Et si la prison d’aujourd’hui, en ne jouant pas son rôle, rien que son rôle, mais tout son rôle, dans la démocratie, avait dans la vie quotidienne des citoyens beaucoup plus d’importance que nous ne le pensons ?
Que ce soit au niveau de sa fonction organisatrice dans la représentation que se font concrètement les citoyens de ce qui peut arriver en cas de “dépassement” des limites socialement acceptées, et par ce biais dans la construction des racines du surmoi chez l’enfant des citoyens-parents.
Que ce soit au niveau du délinquant qui doit y trouver un moyen d’être retenu de continuer sur sa lancée délictueuse.
Que ce soit au niveau de sa valeur symbolique sur un prisonnier qui, ayant purgé sa peine, ne doit plus à ses victimes ni à la société rien d’autre que l’engagement moral de son changement de comportement lorsqu’il retrouve la liberté.
Que ce soit au niveau de ce qui résulte des premiers points, à savoir que la prison est bien sûr un lieu de privation de liberté pour celui qui en a mésusé, mais en attente d’une modification profonde du sujet qui y est incarcéré.
Dans ces conditions, et en appui sur un des principaux fondements d’une société civilisée, l’abolition de la peine de mort, la prison, par son existence même, est un lieu hautement symbolique puisqu’il représente le dépassement de la loi du talion : vous avez commis un crime ou un délit, la société ne commettra pas sur vous un acte de vengeance en miroir ; vous serez privé de liberté le temps nécessaire à un changement authentique. Mais une fois cette peine effectuée, vous serez libre à nouveau.

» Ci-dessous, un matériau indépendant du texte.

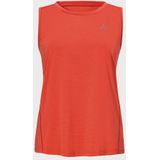 T-shirt - Rond Col - Lichtgewicht - Sneldrogend - Comfortabel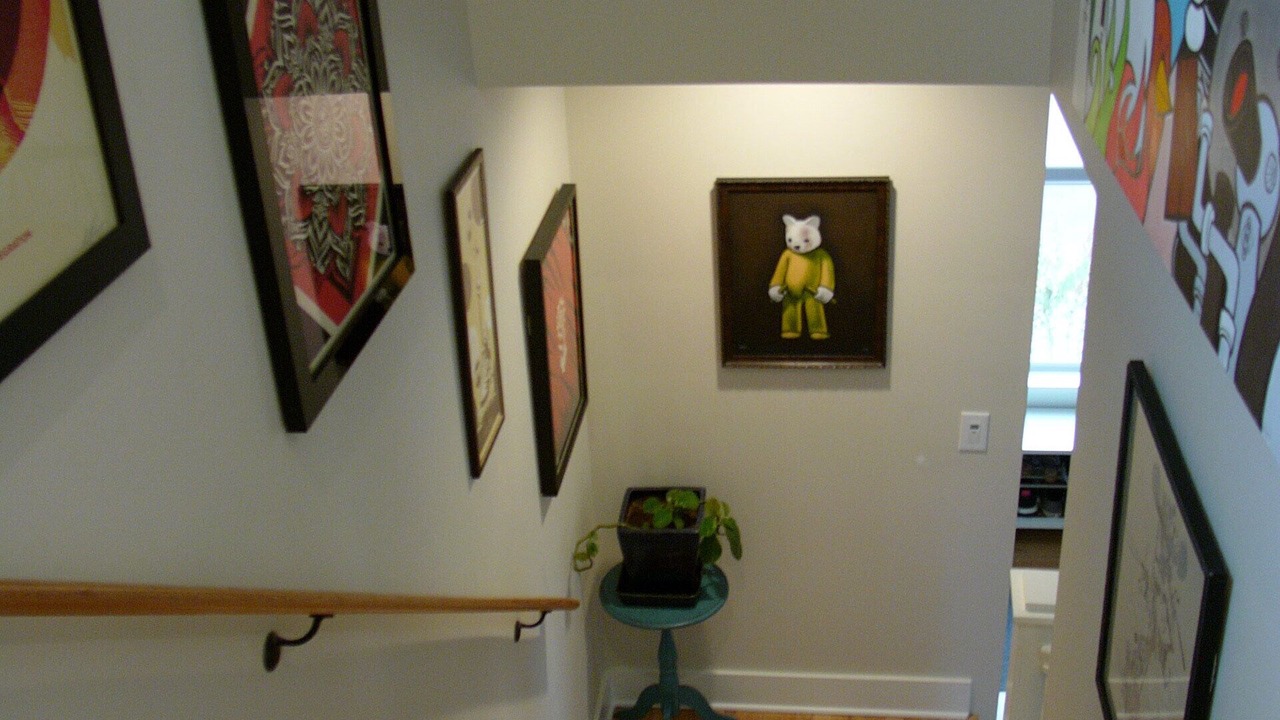 Photo of Others in Vernon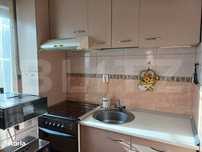 Apartament de vanzare, cu 3 camere, 48 mp, zona parc Nicolae Titulescu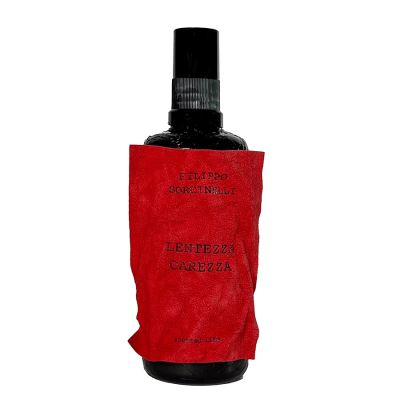 FILIPPO SORCINELLI Lentezza Carezza Spray 100 ml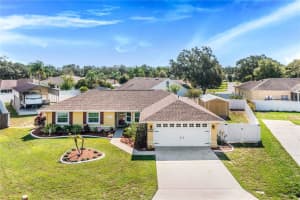 1303 WYNGATE DRIVE, LAKELAND, FL 33809 Sold 08/29/24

Mais voilà, la prison n’est pas ce lieu qui permet de passer de la loi du talion vers la loi symbolique, celle de la transcendance spécifiquement humaine. Elle est aujourd’hui un lieu qui est régi exactement par l’inverse, point par point, de cet idéal d’une société digne du nom de démocratique : œil pour œil, dent pour dent. La prison plutôt que d’élever le prisonnier vers la loi symbolique, le laisse croupir dans l’immanence de la loi du talion. Il n’est pas question pour moi de désigner telle ou telle catégorie de personnel pénitentiaire comme responsable de cette situation décriée depuis des années par de très nombreuses personnalités. Malgré les déclarations d’intention, les personnes qui ont le courage de travailler en prison ne sont pas soutenues par le tissu social qui se réjouit d’y voir envoyer ces indésirables qui lui pourrissent la vie de tous les jours. Non, le seul responsable, c’est moi, c’est nous, qui ne pensons pas acceptable l’idée que la prison doit devenir un lieu où nous devons mettre “le paquet” pour changer d’une façon humaine les hommes qui y sont condamnés.

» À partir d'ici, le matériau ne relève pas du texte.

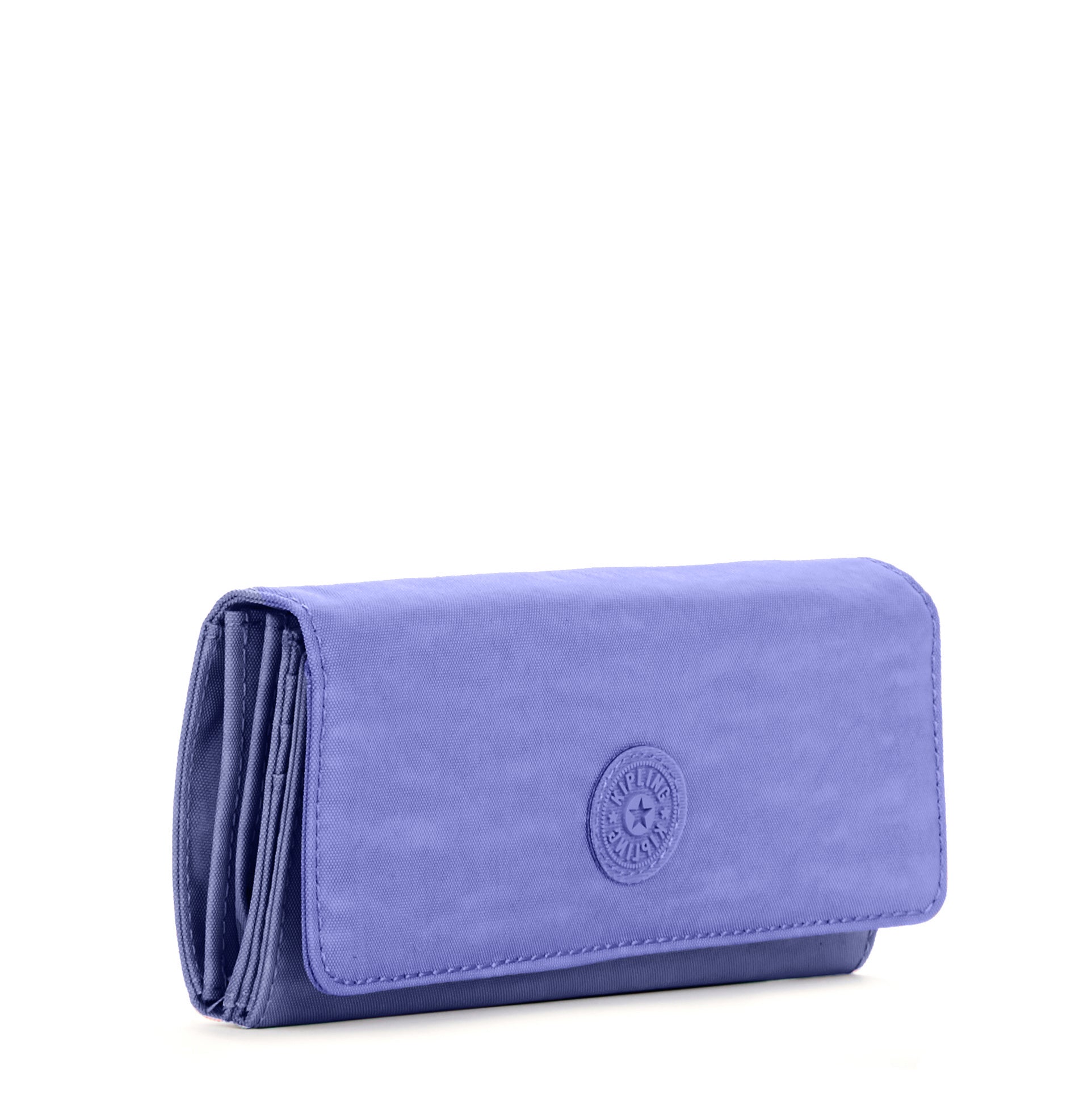 Bold Purple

La tâche est immense, et surtout du côté du citoyen qui n’ira jamais en prison : pourquoi devrions-nous mettre beaucoup de moyens pour des personnes que nous méprisons et qui doivent payer pour les malheurs qu’elles ont occasionnés, quand à côté de celles-ci, il y en a d’autres qui sont victimes de la misère, du chômage ou de la clochardisation ? Il me semble qu’aujourd’hui, un pas de plus est franchi : inventer en 2008 une prison après la prison, sous le faux prétexte de la dangerosité, est un triste retour de l’internement arbitraire et même de la lettre de cachet. Qui n’a pas envie de protéger les enfants des séductions des pédophiles ou quiconque d’une violence meurtrière ? Mais le faire de cette manière est abject, tant ce comportement primitif, la peine sans limite de temps, indique une reculade dans l’élaboration d’une pensée de la démocratie qui prenne en compte tous les aspects qui la font grandir.

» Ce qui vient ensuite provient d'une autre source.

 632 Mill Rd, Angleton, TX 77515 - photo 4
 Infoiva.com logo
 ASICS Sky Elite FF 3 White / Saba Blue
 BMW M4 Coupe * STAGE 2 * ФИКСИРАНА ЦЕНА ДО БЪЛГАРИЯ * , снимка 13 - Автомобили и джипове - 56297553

La prison doit devenir le lieu le plus moral de la société, condition indispensable à la fois pour que ceux qui y travaillent puissent exercer leur mission, et pour que sa représentation ait la vertu pédagogique de dissuasion nécessaire à son efficacité. Si telle était sa réputation, point ne serait besoin de prévoir des structures de “justice-santé” pour y “garder” sans limite des personnes que la prison à laquelle ils ont été condamnés n’a pas changé, avouant ainsi de la plus éclatante manière qu’elle ne sert strictement à rien d’autre qu’à augmenter chez ceux qui y passent le désir de vengeance, résultat aux antipodes de ce qui en est attendu. Il est temps de dire enfin non seulement à tous les politiques qui veulent vraiment changer la vie de leurs électeurs, mais aussi à tous nos concitoyens qui ne savent plus comment sortir de l’engrenage de la violence insensée que nous traversons désormais, que l’une des principales possibilités sur laquelle nous pourrions agir est de miser sur la refonte du concept de prison en postulant la qualité humaine à laquelle elle doit maintenant parvenir. Il ne s’agit en aucune manière d’un luxe de philanthrope, il en va de l’avenir de nos sociétés contemporaines.